No story about Labour's renewed confidence is complete without reference to National - and John Key's patchy performance this year has Labour's tails wagging.
The first sign that he had lost his mojo was his equivocal response over the share sale of Auckland International Airport - after which Labour have labelled him as "slippery." Cullen won't divulge who thought of the word but says the term was well planned in advance.
"He is not looking shiny and new any longer, that's for sure," says Cullen.
"As Key has come under scrutiny there is a growing realisation that this is not a perfect story, that this is not the dream from Casting Central, that there are problems there."
Cullen says Key is at a disadvantage because he doesn't have the depth of National Party tradition to fall back on. The long term for a foreign exchange dealer is six months, he says.
"And that is his difficulty that he hasn't got that firm anchor which, when things are getting a bit difficult, gives you the stability to respond."
ONE of the more remarkable features of the Fifth Labour Government has been its relative internal discipline, all the more unusual after nearly three terms in power under the same leadership.
Cullen pays tribute to Clark for that. "When the chips are down, the ability of Helen to manage through periods of turbulence and difficulty with the Government gives people a huge feeling of confidence."
He also pays particular tribute to Benson-Pope, a colleague and friend who replaced him in Dunedin South when he moved to Napier.
Pope had acted "with incredible self-discipline and integrity" not just in standing aside but when he lost the nomination, a blow that is very hard in politics. Benson-Pope lost out to Clare Curran, a communications consultant who worked with Australian unions. Hers has been a rough ride into contention.
For the most part, the rejuvenation in the party that has taken place under leader's orders since the last election has been achieved with minimal trouble. The result has been new ministers, new MPs in on the list and a swag of new young Labour activists as candidates.
Many aren't expecting to make to Parliament this year in their seats or the list but have their sights on 2011.
Williams says the party has met the rejuvenation challenge and that's one of the things that has made him so chipper.
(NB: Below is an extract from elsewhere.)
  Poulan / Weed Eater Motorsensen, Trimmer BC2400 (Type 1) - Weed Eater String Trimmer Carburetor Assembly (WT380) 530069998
He also learned from the Australian election, where a new face heading Labor swept away an old Government. Williams refuses to see that as an omen for a National landslide. In fact the reverse.
"Everyone talks about a landslide but it wasn't. It was a very near-run thing. The difference between the primary vote for the Coalition and the Labor Party was 2 per cent."
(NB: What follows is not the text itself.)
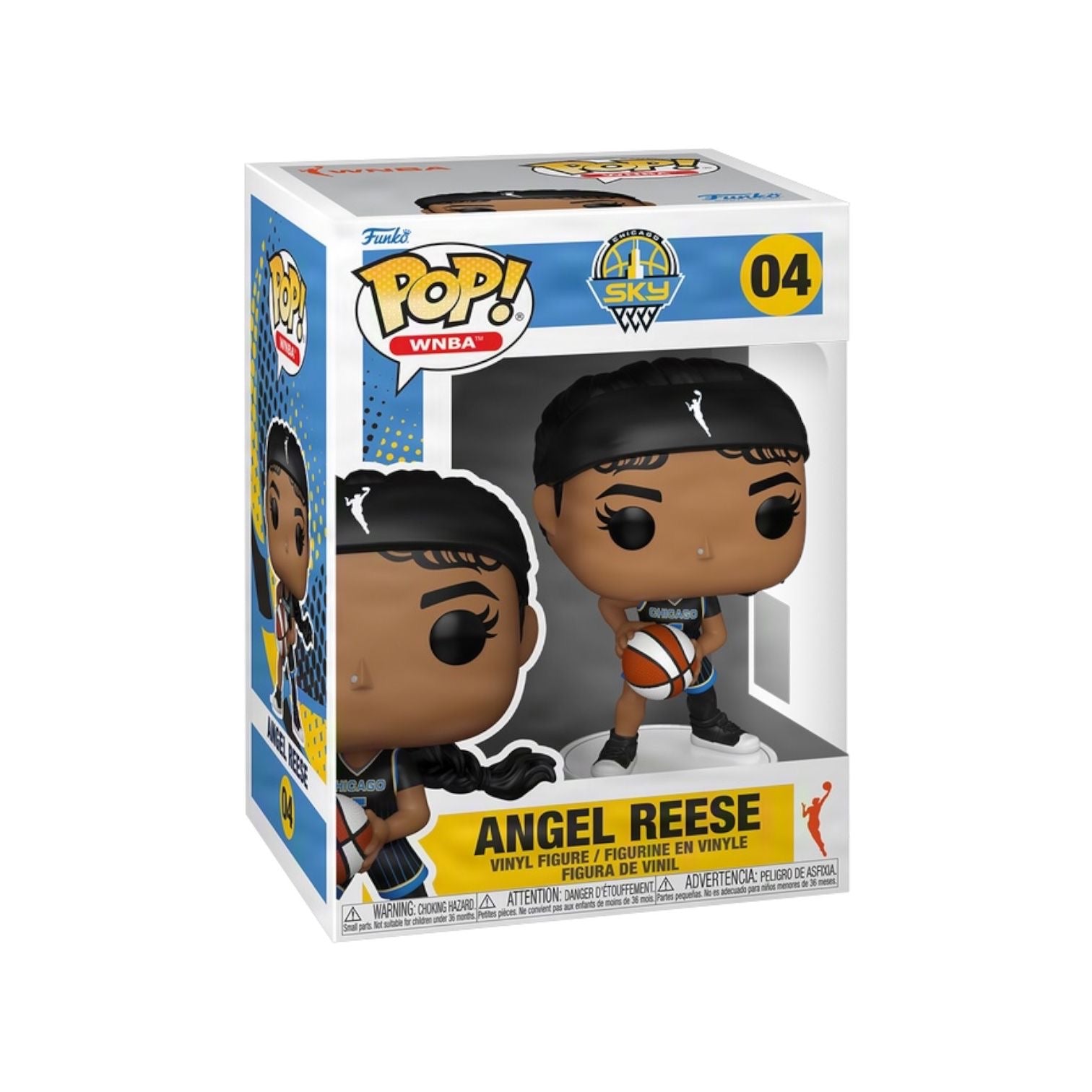 Funko Pop! vinyl figure packaging featuring Angel Reese with WNBA branding.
He also learned that mobilising the vote was an important as policy. And, he says, it showed him that tax was not necessarily the crucial issue. Exit polling in Australia showed that Workchoices, the Coalition's unpopular industrial relations policy, was more influential.
"In 1990 we knew we were going to get thrashed. There was all that 'change the leader, change the policy' kind of stuff. There is certainly not that sense. I think there is a sense out in the party that we are in with a chance."
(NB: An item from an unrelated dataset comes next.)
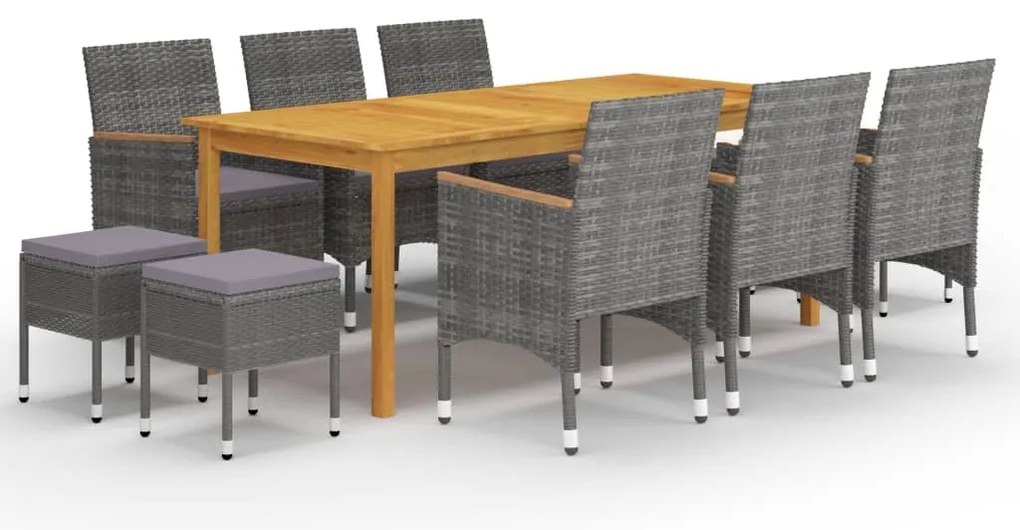 vidaXL Set mobilier de grădină, 11 piese, gri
DRUMMING UP VOTES FROM FAR AFIELD
One of the new Labour candidates causing excitement is Jacinda Ardern, a former Beehive staffer who will be a list-only candidate.
She will spend the campaign working up the party vote in London, where she has been working in the British Cabinet office and has just finished working on a review of policing in England and Wales.
She is also president of the International Union of Socialist Youth, to which Young Labour is affiliated.
More certain faces in the next Parliament will be Chris Hipkins (replacing Paul Swain in Rimutaka), Iain Lees-Galloway (replacing Steve Maharey in Palmerston North), Clare Curran in Dunedin South, and Carol Beaumont, the CTU secretary who is expected to win selection in Maungakiekie, now held by Mark Gosche.